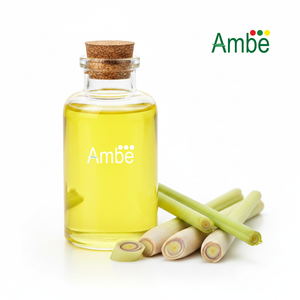 น้ำมันหอมระเหยตะไคร้คุณภาพสูงบริสุทธิ์ เกรดสำหรับขายส่ง ปริมาณมาก สารสกัดพรีเมียมบริสุทธิ์ - Product Image 3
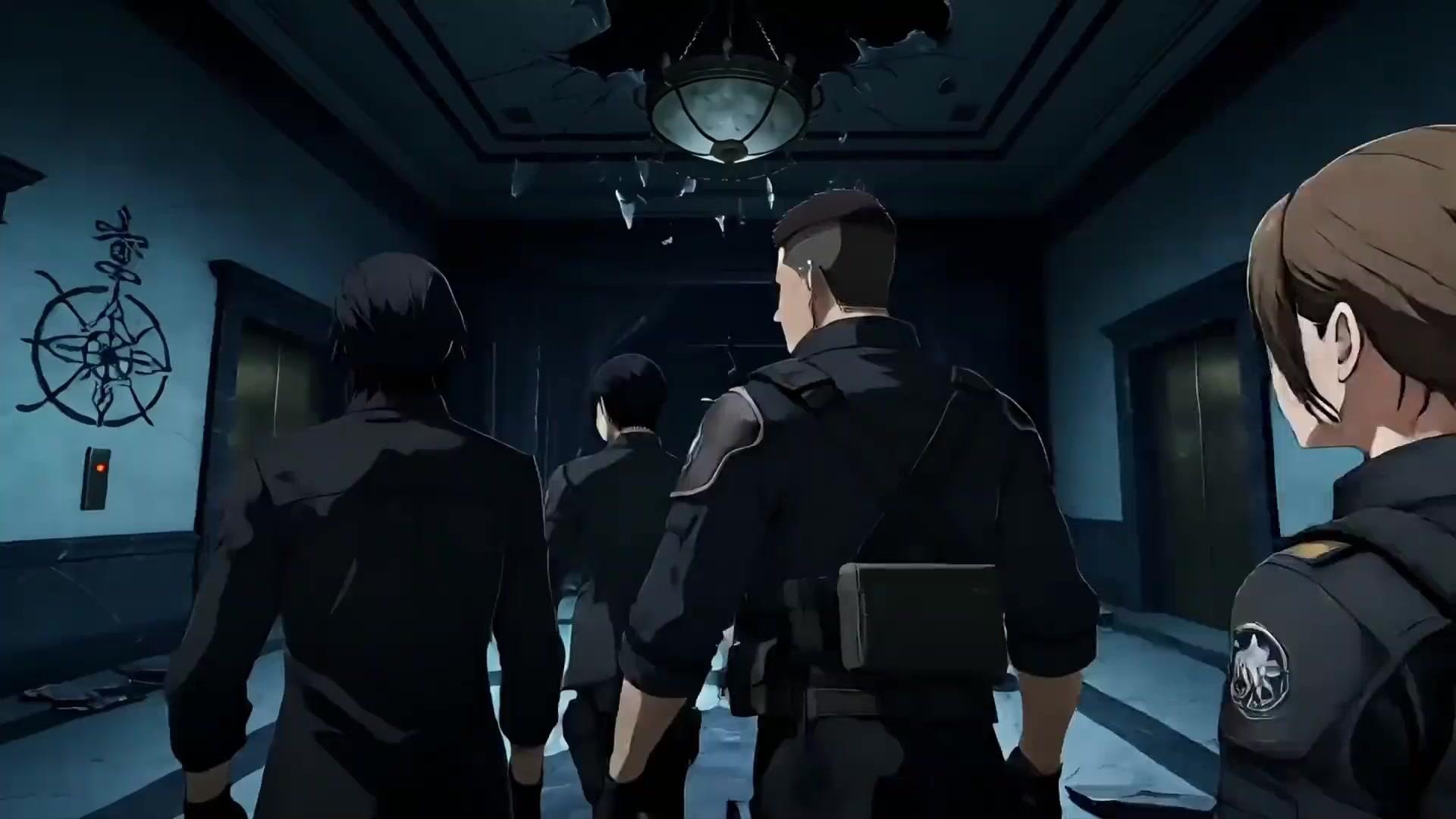 DONJON DE L'ÉTRANGE : CRÉDIT INFINI !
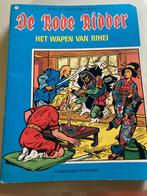 strips, Gelezen, Willy Vandersteen, Meerdere stripboeken, Ophalen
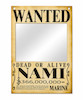 آینه وانتد (Wanted) طرح Nami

▸ REQUIRED ACTION:
Output the material word for word, and keep the pictures out.

▸ OUTPUT BELOW:
 น้ำมันหอมระเหยตะไคร้คุณภาพสูงบริสุทธิ์ เกรดสำหรับขายส่ง ปริมาณมาก สารสกัดพรีเมียมบริสุทธิ์ - Product Image 3
 DONJON DE L'ÉTRANGE : CRÉDIT INFINI !
 strips, Gelezen, Willy Vandersteen, Meerdere stripboeken, Ophalen
 آینه وانتد (Wanted) طرح Nami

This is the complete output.